12) In the event that Xxxxxx makes sales of or enters into a contract to supply geolocation goods and/or services to or for the use of T-Mobile USA, Inc. or Cingular Wireless LLC, or any entity owned or controlled by either of them, within eighteen months of the date hereof:
a) Xxxxxx shall pay to TruePosition a royalty of 20% of its gross revenue on such sales and any revenue generated in connection with such sales, including but not limited to related software license fees, warranty fees, maintenance and service fees, regardless of whether such revenue is received by Xxxxxx within the eighteen-month period, such royalty to be payable within thirty days of Andrew’s receipt of such revenue, and in any event in full on or before July 17, 2005.

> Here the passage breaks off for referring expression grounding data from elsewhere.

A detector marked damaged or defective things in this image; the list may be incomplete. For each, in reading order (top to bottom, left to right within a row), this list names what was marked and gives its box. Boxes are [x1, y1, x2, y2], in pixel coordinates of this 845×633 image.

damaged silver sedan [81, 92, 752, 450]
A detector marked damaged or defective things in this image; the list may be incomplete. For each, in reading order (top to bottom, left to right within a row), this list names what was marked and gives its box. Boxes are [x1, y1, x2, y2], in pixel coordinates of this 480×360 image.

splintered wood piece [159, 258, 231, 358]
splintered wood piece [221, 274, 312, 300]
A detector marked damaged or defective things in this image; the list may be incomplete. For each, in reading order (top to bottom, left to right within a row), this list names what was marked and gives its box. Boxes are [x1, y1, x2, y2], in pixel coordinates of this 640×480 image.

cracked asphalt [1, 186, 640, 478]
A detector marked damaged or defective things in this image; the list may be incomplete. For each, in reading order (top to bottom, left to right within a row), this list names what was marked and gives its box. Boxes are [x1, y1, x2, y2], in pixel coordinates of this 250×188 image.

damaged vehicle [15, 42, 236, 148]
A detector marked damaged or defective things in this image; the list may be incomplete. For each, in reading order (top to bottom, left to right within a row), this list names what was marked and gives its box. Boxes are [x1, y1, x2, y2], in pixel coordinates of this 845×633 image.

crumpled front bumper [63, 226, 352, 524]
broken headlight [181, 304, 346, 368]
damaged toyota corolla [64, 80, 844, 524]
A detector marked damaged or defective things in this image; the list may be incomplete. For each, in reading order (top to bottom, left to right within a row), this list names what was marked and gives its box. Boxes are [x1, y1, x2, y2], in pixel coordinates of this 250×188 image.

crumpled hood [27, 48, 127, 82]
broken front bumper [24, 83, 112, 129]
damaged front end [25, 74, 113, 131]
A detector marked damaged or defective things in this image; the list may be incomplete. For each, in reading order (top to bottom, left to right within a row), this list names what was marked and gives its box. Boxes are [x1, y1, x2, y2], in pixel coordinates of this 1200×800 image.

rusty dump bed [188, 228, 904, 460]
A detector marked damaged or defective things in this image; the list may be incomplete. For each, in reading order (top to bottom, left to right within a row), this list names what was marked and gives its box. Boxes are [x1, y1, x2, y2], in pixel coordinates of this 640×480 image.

b) The royalty payment shall be accompanied by a report disclosing the goods and/or services provided to T-Mobile or Cingular and the revenue received as a result.
c) Xxxxxx shall keep records, consistent with the record-keeping systems used in the ordinary course of its business, showing the goods and/or services provided to T-Mobile or Cingular between the date of this Agreement and July 16, 2005, in sufficient detail to enable the royalty payable to TruePosition to be determined. Xxxxxx shall maintain such books and records until July 16, 2006.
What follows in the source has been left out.